Data Analysis on House Prices in Ames, Iowa
The skills I demoed here can be learned through taking Data Science with Machine Learning bootcamp with NYC Data Science Academy.
The Ames Housing dataset was compiled by Dean De Cock for use in data science education. The dataset contains 2,919 observations and 80 explanatory variables describing various aspects of residential homes in Ames, Iowa.
The goal of the project is to apply machine learning techniques to predict the sale price of each home in the dataset with the help of the features provided.
Our first course of action is to identify the missingness within the data. Even though numerous variables had missingness upwards of 90%, we were able to salvage the data by making certain assumptions after thorough inspection. We assumed features such as alley, garage, fence etc. were missing because the house simply didn't have those features, thus replacing them with not available.
Features which were missing a smaller percentage of values such as electrical, utilities and lot frontage were replaced with the mode. Whereas, numerical features month sold, year sold, subclass and garage year built were converted to categorical values.
Upon closer inspection of the distribution of our target variable, Sale Price, we see can it skewed to the right. In order to improve the normality of our distribution a log transformation was performed.
The figure below plots the relationship of the sale price with respect to the ground living area, which as expected, should be linear i.e the greater the space we're purchasing the more we have to pay. Two points with ground living areas exceeding 4800 square feet and below a sale price of $200K immediately draw attention. In my opinion, it was safe to remove these two outliers when we compare other houses greater than 4000 square feet selling for north of $700K.
Data on Feature Engineering
For our categorial features we used pandas' "get_dummies" function to one-hot encode the values. This process converts our categorical variables into a form that could be provided to our machine learning algorithm.

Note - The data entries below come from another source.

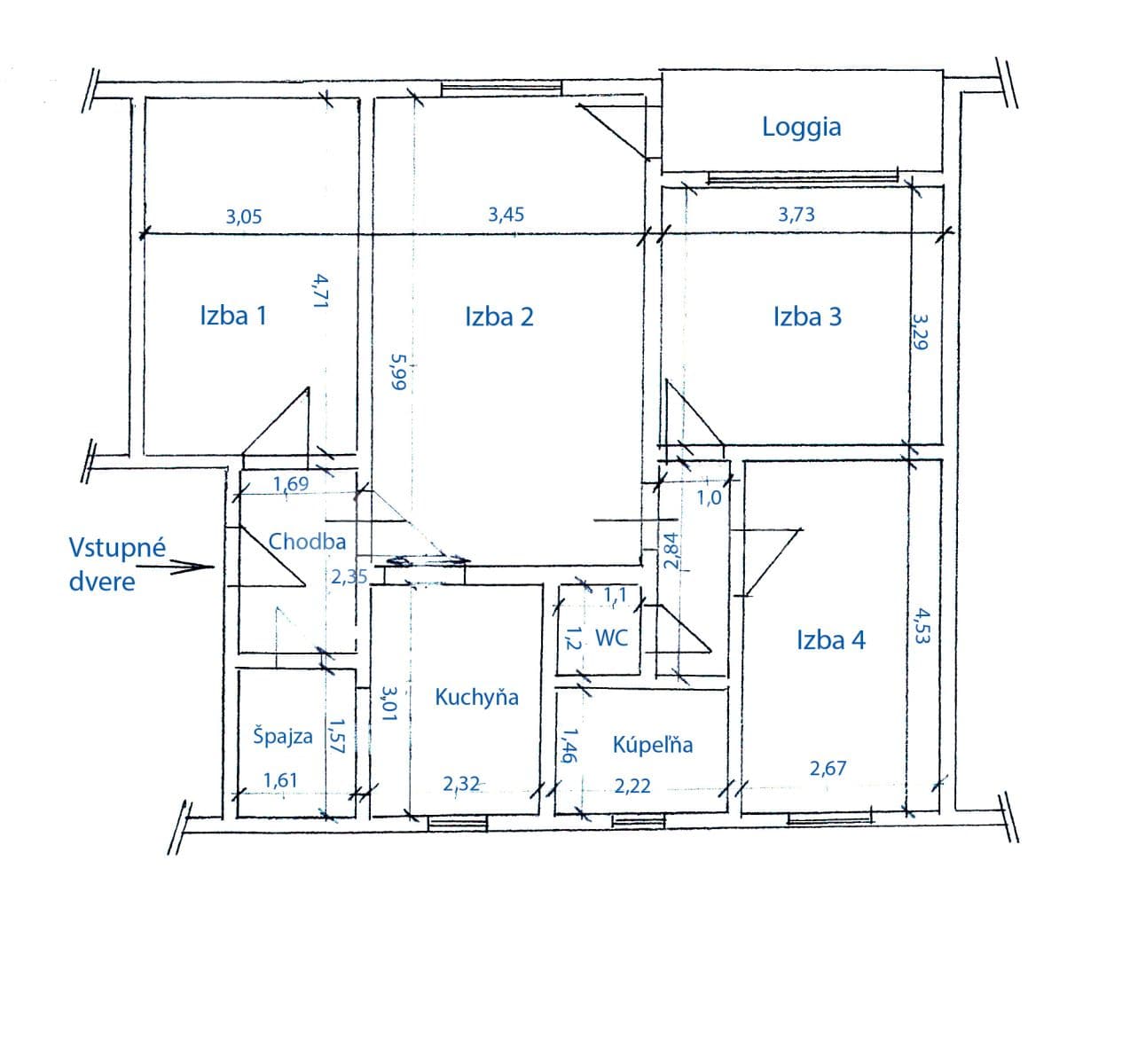 Prenájom bytu 4-izbový 83 m², Lermontova, Martin, Žilinský kraj Prenájom bytu 4-izbový 83 m², Lermontova, Martin, Žilinský kraj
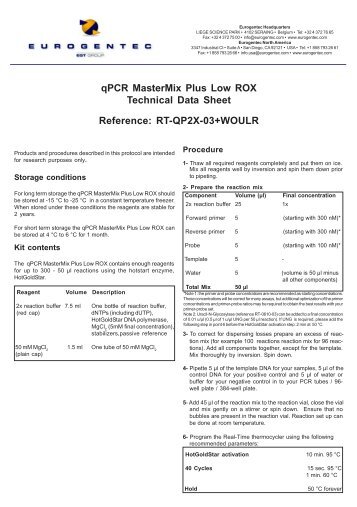 qPCR MasterMix Plus Low ROX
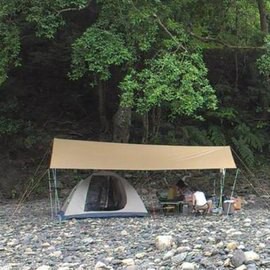 ├登山樂┤優質無標商品500x500 RIPSTOP 格紋抗撕裂輕量銀膠天幕布 (2色可選)# 5x5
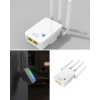 VipMarketim Ev ve Ofis İçin WiFi Güçlendirici WPS Düğmeli Güvenli Tekrarlayıcı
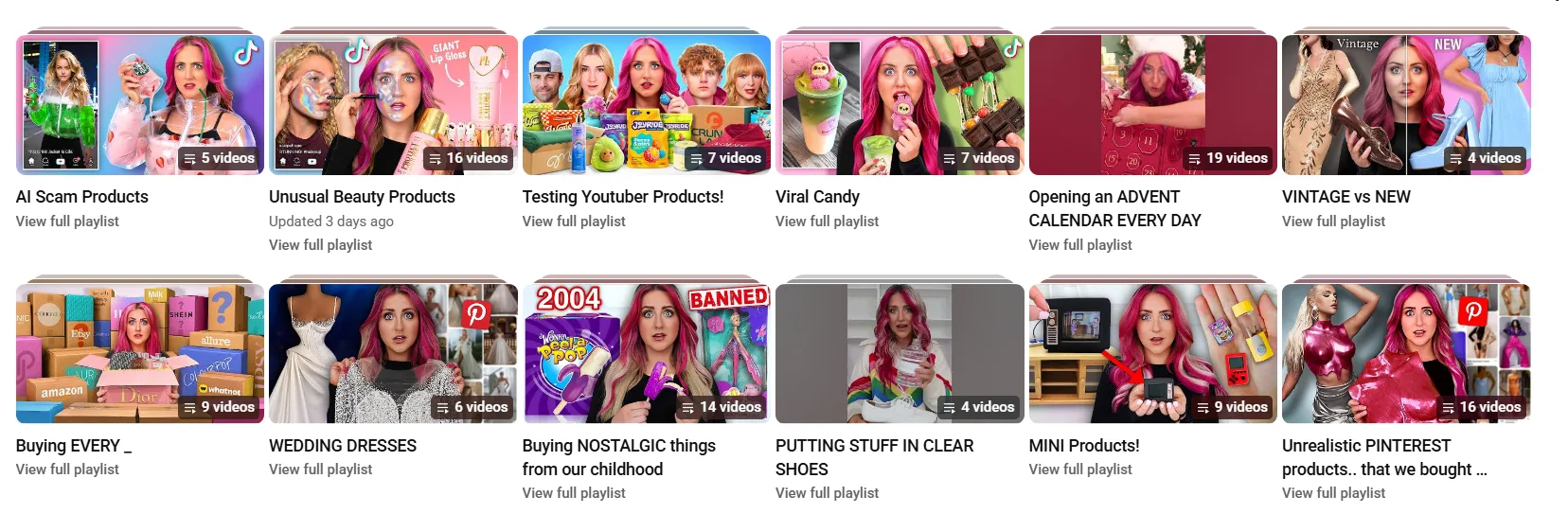 Playlist sequence keeping viewers on your channel through multiple videos in one session
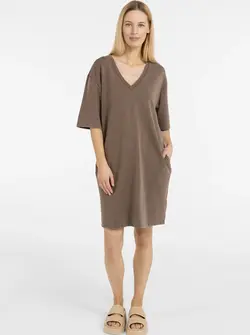 JERSEY V-NECK DRESS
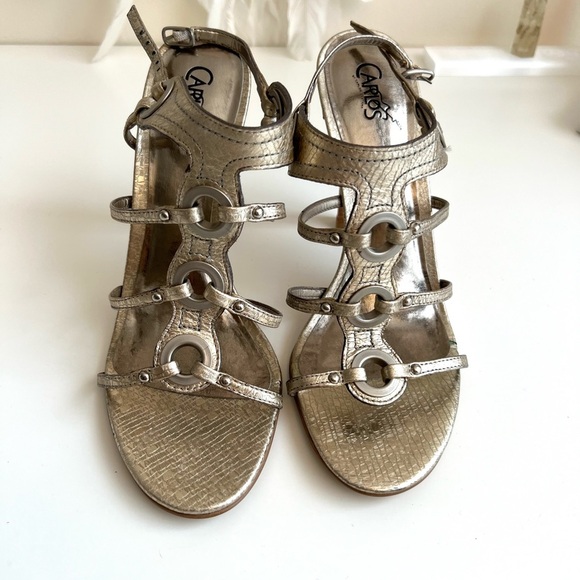 Carlos Santana Gold Gladiator Battle Sandals - Picture 4 of 8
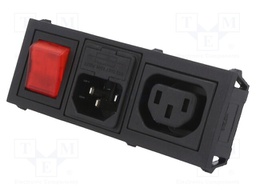 Connector: AC supply; socket; male,female; 10A; 250VAC; IEC 60320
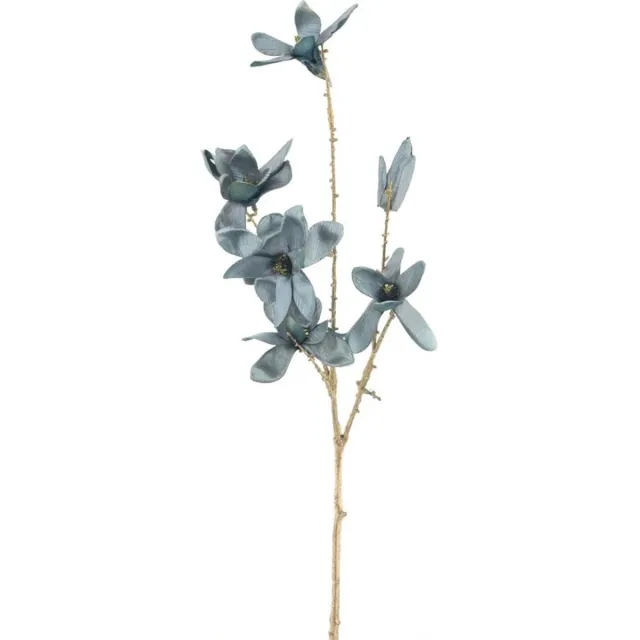 Buitengewoon Boet Magnolia spray ardesio groen 74 cm kunstbloem Buitengewoon de Boet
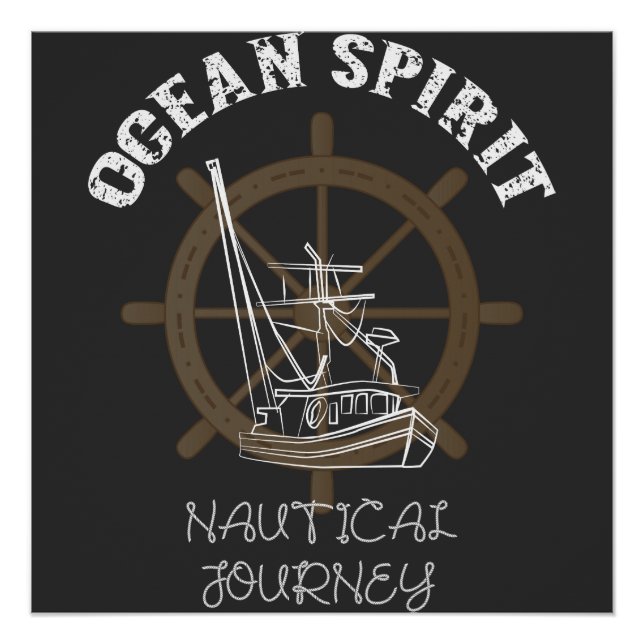 Ocean Spirit Nautical Journey Poster (Front)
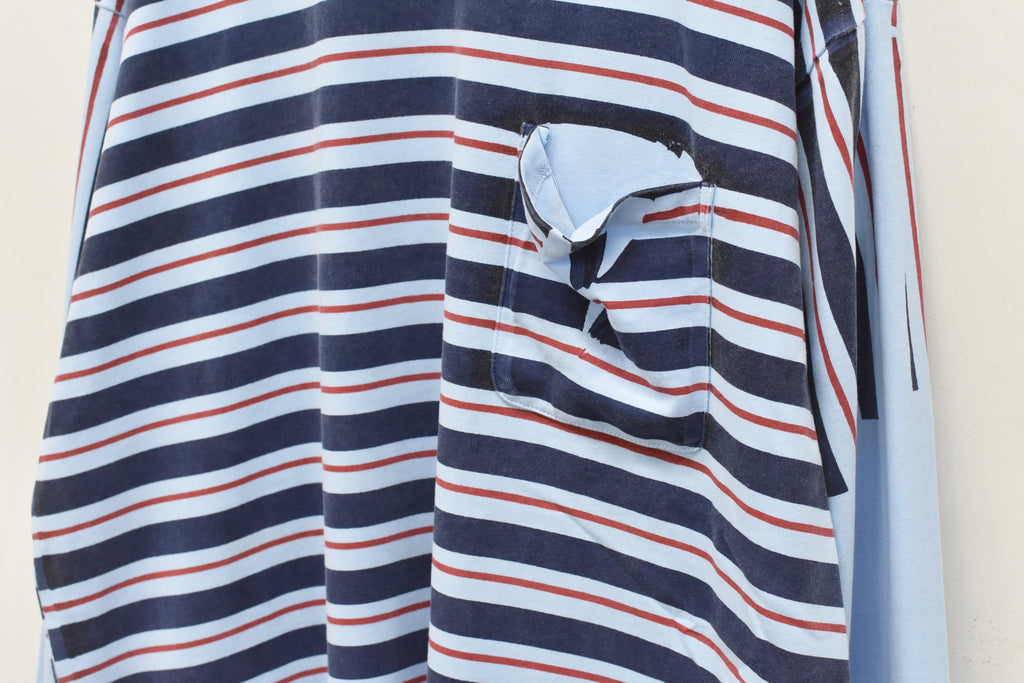 先行予約 NewRose / DIAGONAL STRIPE PRINT L/S Tee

A power transform will make the probability distribution of a variable more Gaussian. This is considered a "variance-stabilizing' transformation. For numerical features we used SciKit Learn's "Power Transformer" function and its Yeo-Johnson approach. This is a generalized version of the transform where a parameter is found that best transforms a variable to a Gaussian probability distribution.
The root mean squared error (RMSE) was used to evaluate the fit of the models. This is also the metric Kaggle used to evaluate the predictions submitted by users. Grid Search Cross Validation and Randomized Search Cross Validation with K=5 were used for Random Forest and XGBoost, respectively.
Models and HyperTuning
The individual models trained were the Random Forest and XGBoost models. Our initial RMSE for the Random Forest model was 0.25376 and 0.22943 for XGBoost, which was clearly the superior algorithm. Tuning the hyperparameters for XGBoost model via a Randomized Grid Search allowed us to greatly improve our RMSE to 0.20367.
In the figure below we see the top five features in terms of importance according to the random forest model. We see that the total surface area feature we created combining the total basement surface area and ground living area has the highest weight followed by the overall quality of the house. The importance given to these two features makes intuitive sense as they are highly sought out traits by someone purchasing a house. Home buyers ideally want larger living spaces and good quality houses.
After submission, our score placed us in the top 10% of submissions. With the help of various machine learning techniques such as one-hot encoding, power transformations and tuning hyperparameters, we were able to vastly improve our model. A myriad of approaches could've been taken to address missingness, feature engineering and model selection, which is what made this project captivating.